Thursday, April 24, 2008

One Vision? No Thanks.

I think I have come to the conclusion that I dislike the idea of "vision" when it relates to the Church. I dislike it when people present me a vision, a plan, a goal, a dream. I always have - and I couldn't put my finger on it for the longest time. One Vision - no thanks (unless you are talking about the Queen song they used in the movie Iron Eagle - that's one "One Vision" I like).

Here is the problem I have. When you have a vision, when you share a dream, you are communicating an idea that you have created. None of us actually see the future - we don't know what will happen - so our "vision" is always something of our own creation. And then we will present our vision. If we have enough power we may even declare that our vision is the One Vision that will unite everyone.
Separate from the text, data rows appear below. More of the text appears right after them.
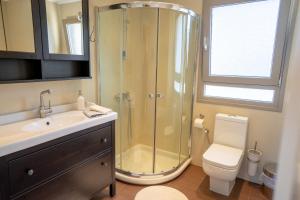 a bathroom with a shower and a toilet and a sink at Villa Rodi in Katastárion +30 photos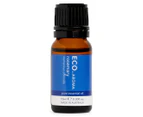 ECO. Aroma Rosemary Essential Oil 10mL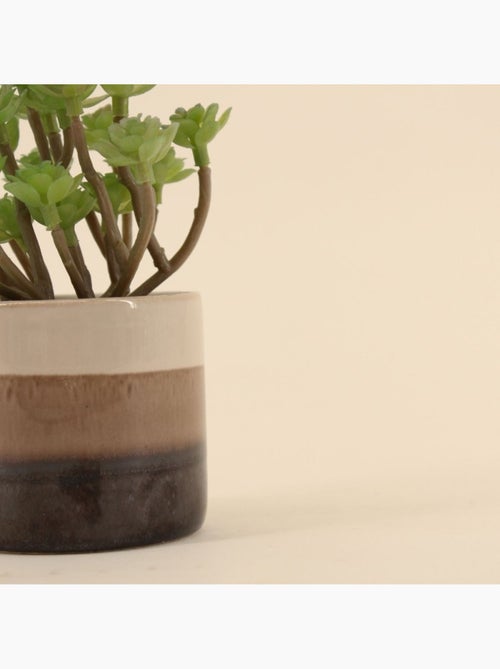 Plante grasse artificielle pot céramique rayé 13cm - Kiabi Plante grasse artificielle pot céramique rayé 13cm - Kiabi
First - pause for a moment. How arrogant is that? Did not our Lord teach us to pray "Thy will be done"? We don't see the future - how do we get off on thinking that our creation, our hopes are the hopes that ought to be - that our idea of the future is what should be? More over, where do we get off thinking that we have the right or duty to dictate to people what they should want the future to be like. If you are sharing your "vision" you are telling people the way things ought to be. It's arrogance.

But arrogance isn't enough to sour me on something - I can enjoy a bit of chutzpah every once in a while. I know arrogance doesn't belong in the Church, but God can use even the arrogant. There is more.

Second - Where is your focus when you place it upon a vision? It's upon something you created, something from yourself. And your goals change - you act in a way to bring about your vision. You start doing not what is right according to God - but rather you do that which is right in your own eyes - in your own vision. You have a goal, a place in the future - and you think on how to get there. . . what needs to be done to accomplish a goal - not what is your duty, not what is your responsibility.

I think "vision" thinking is pretty much fundamentally unethical. It skews your focus. Is it my job to try to mold the future into what I wish it to be, or is it my job to. . . do my job?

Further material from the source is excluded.